Required work:
All of the data below should be printed again exactly, pictures excluded.

(Given data begins)

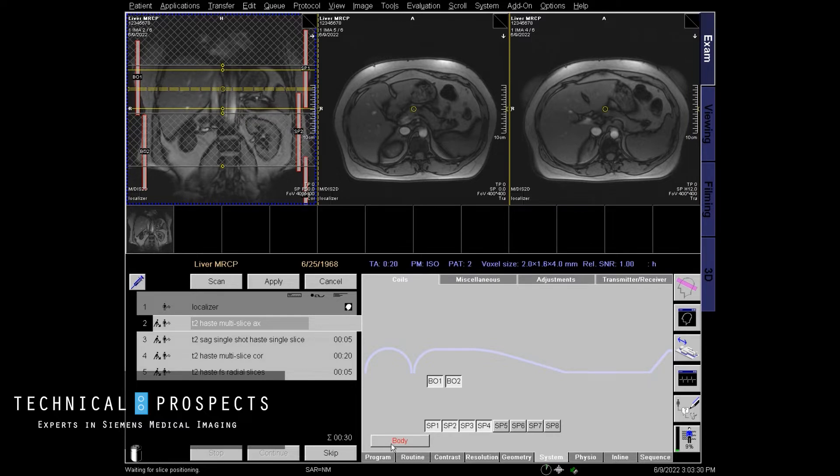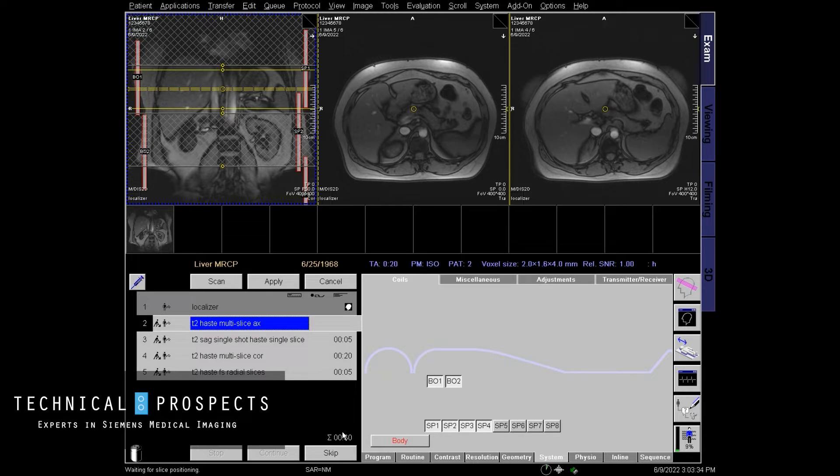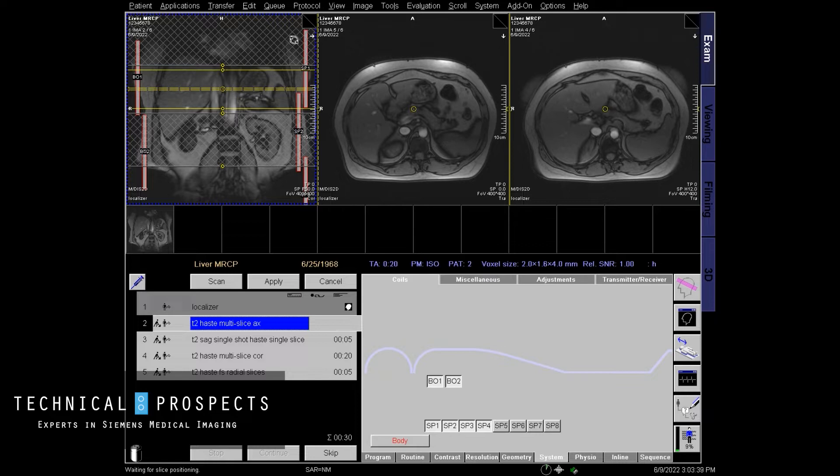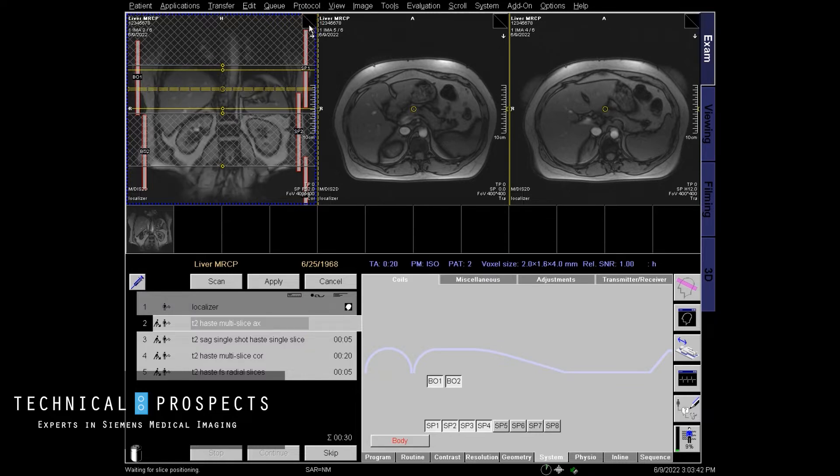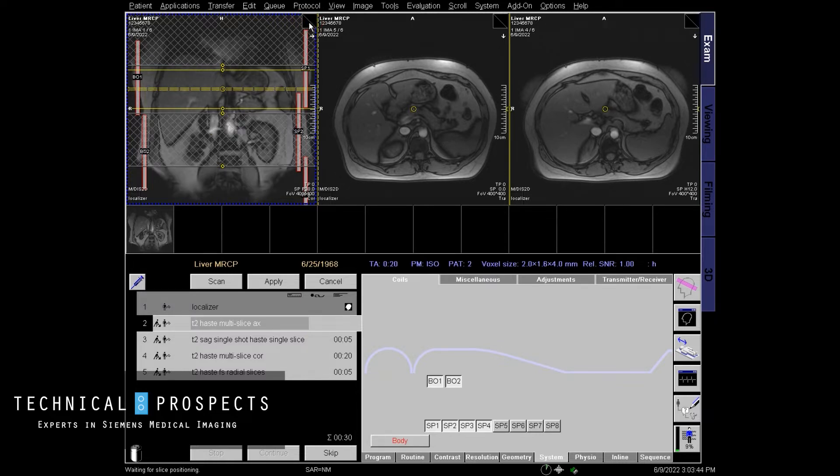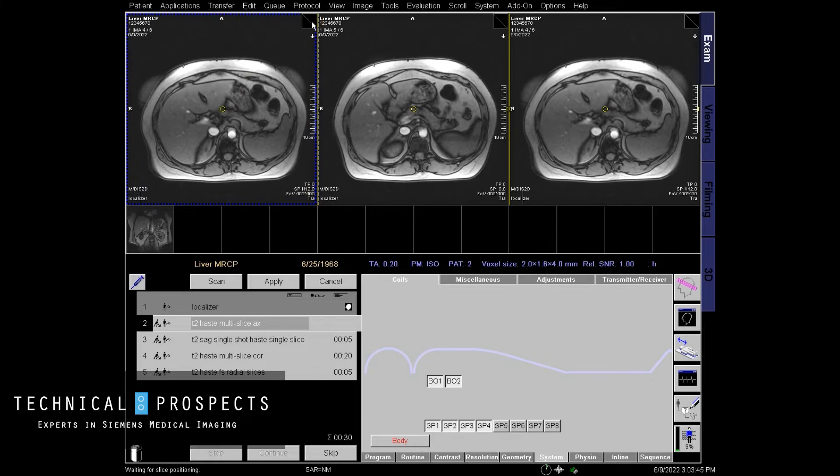I like to do a little prep scanning before I actually do my radials and one particular sequence I like to run is a HASTE sequence, multi-slice, right over where you would probably think that the biliary tree would be at.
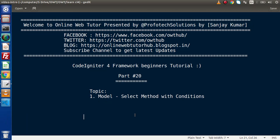Hello guys, welcome to Online Web Tutor. I am Sanjay. We are learning the CodeIgniter 4 Framework tutorial. This is part number 20. Inside this video session, we are going to discuss about the select method with some conditional methods.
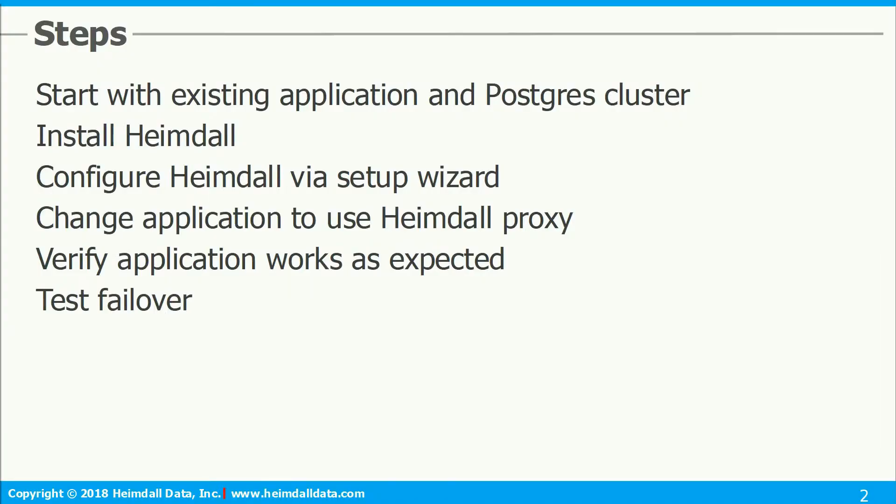To begin, we will take an existing application that is configured to talk to a single Postgres server, install and configure Heimdall, update the application configuration to use the Heimdall proxy, verify that everything is working properly, and then trigger a failover to demonstrate that the application remains online.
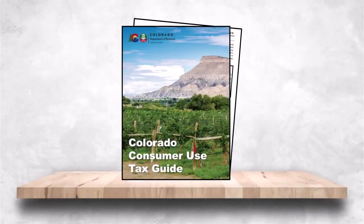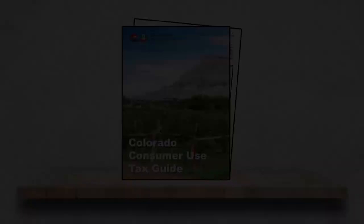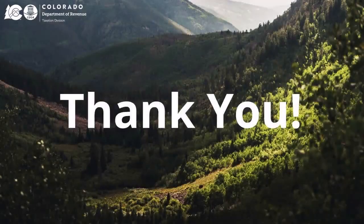View the Colorado Consumer Use Tax Guide for more information on this topic. Thank you for watching this video on consumer use tax.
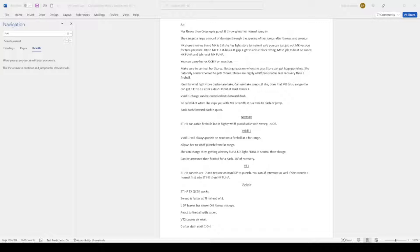V-trigger 2 causes an air reset. Update: zero after dash. V-skill 1 on hit. So if V-skill hits you like that little cross-up move thing, if she dashes, she will be zero. But she does have a 3-frame, so there's that.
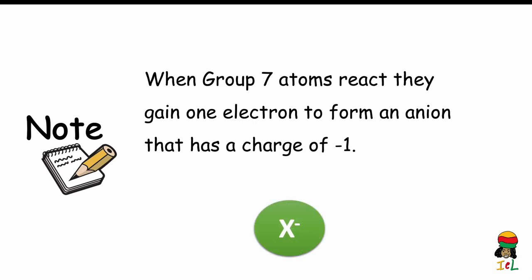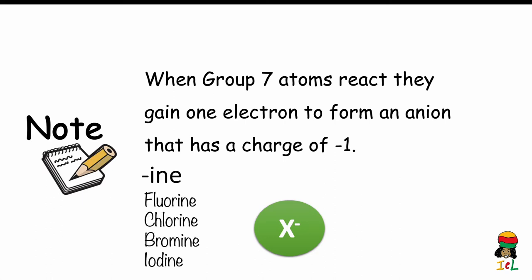The anion is represented by X — the symbol of any halogen in Group 7 — with a negative 1 charge written as a superscript. Note that we do not write the numeral 1 in the charge because we never write the numeral 1 in any chemical formula. Before the halogens react, their names end in the suffix "-ine". Therefore the halogens before they react are called fluorine, chlorine, bromine, and iodine.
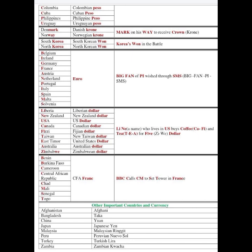Countries dealing in Dollars include Liberia, New Zealand — the first country to allow women to vote — USA, Taiwan, East Timor, Australia, and Zimbabwe. The mnemonic is: 'Lithium and Neon — two gases who live in the US — buy coffee and tea for five Zimbabwean dollars.' All these countries deal in Dollar, though they vary: Liberian Dollar, New Zealand Dollar, etc.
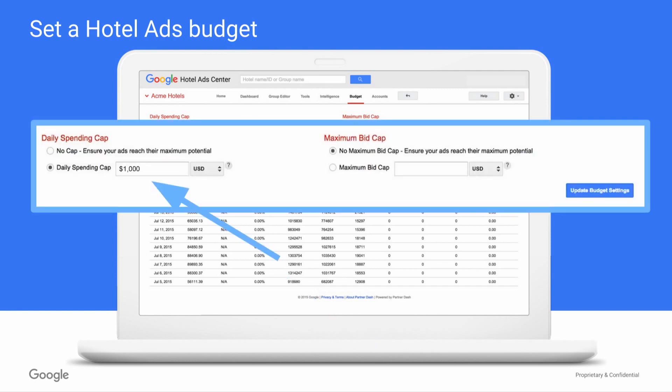By default, no cap is set for your Google Hotel Ads advertising. To set one, simply toggle to the daily spend cap and enter your desired daily budget and currency. Note that the minimum cap is $100 USD.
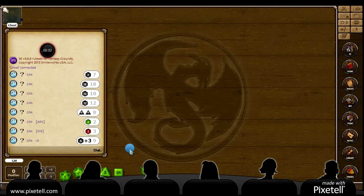Howdy folks, welcome back. Keithhurst here again. In this video we're going to go about showing you how to add portraits into Fantasy Grounds so you have more than just the ones that come with it. And there will be another video later in which I'll show you how to make your portraits.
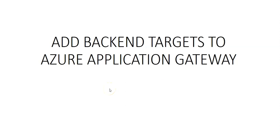Hi, my name is Ashish. In this video we will see how to add backend targets to Azure Application Gateway. In the previous video we created an application gateway, the routing rule, and front-end configuration. In here we will use virtual machines as the target backend for the application gateway.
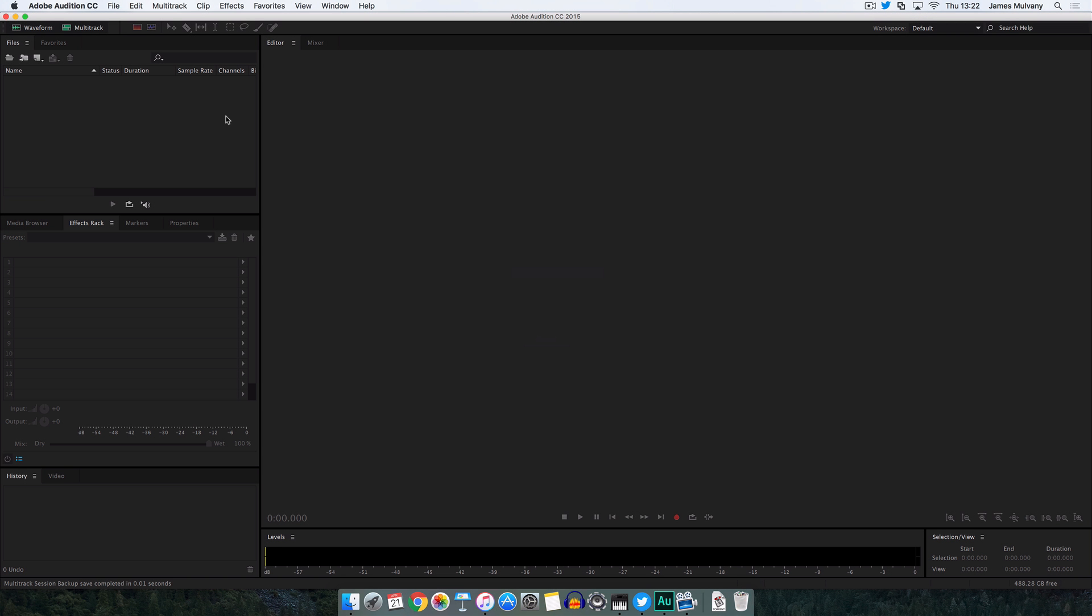Hello and welcome to this tutorial in which I'm going to show you how to edit a radio show. Very easy to do. For this video we're going to be using Adobe Audition. This is a tool which you can purchase as part of Adobe's Creative Cloud.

(Given data ends)

Expected output:
I like to do a little prep scanning before I actually do my radials and one particular sequence I like to run is a HASTE sequence, multi-slice, right over where you would probably think that the biliary tree would be at.
Hello guys, welcome to Online Web Tutor. I am Sanjay. We are learning the CodeIgniter 4 Framework tutorial. This is part number 20. Inside this video session, we are going to discuss about the select method with some conditional methods.
To begin, we will take an existing application that is configured to talk to a single Postgres server, install and configure Heimdall, update the application configuration to use the Heimdall proxy, verify that everything is working properly, and then trigger a failover to demonstrate that the application remains online.
View the Colorado Consumer Use Tax Guide for more information on this topic. Thank you for watching this video on consumer use tax.
V-trigger 2 causes an air reset. Update: zero after dash. V-skill 1 on hit. So if V-skill hits you like that little cross-up move thing, if she dashes, she will be zero. But she does have a 3-frame, so there's that.
The anion is represented by X — the symbol of any halogen in Group 7 — with a negative 1 charge written as a superscript. Note that we do not write the numeral 1 in the charge because we never write the numeral 1 in any chemical formula. Before the halogens react, their names end in the suffix "-ine". Therefore the halogens before they react are called fluorine, chlorine, bromine, and iodine.
Countries dealing in Dollars include Liberia, New Zealand — the first country to allow women to vote — USA, Taiwan, East Timor, Australia, and Zimbabwe. The mnemonic is: 'Lithium and Neon — two gases who live in the US — buy coffee and tea for five Zimbabwean dollars.' All these countries deal in Dollar, though they vary: Liberian Dollar, New Zealand Dollar, etc.
By default, no cap is set for your Google Hotel Ads advertising. To set one, simply toggle to the daily spend cap and enter your desired daily budget and currency. Note that the minimum cap is $100 USD.
Howdy folks, welcome back. Keithhurst here again. In this video we're going to go about showing you how to add portraits into Fantasy Grounds so you have more than just the ones that come with it. And there will be another video later in which I'll show you how to make your portraits.
Hi, my name is Ashish. In this video we will see how to add backend targets to Azure Application Gateway. In the previous video we created an application gateway, the routing rule, and front-end configuration. In here we will use virtual machines as the target backend for the application gateway.
Hello and welcome to this tutorial in which I'm going to show you how to edit a radio show. Very easy to do. For this video we're going to be using Adobe Audition. This is a tool which you can purchase as part of Adobe's Creative Cloud.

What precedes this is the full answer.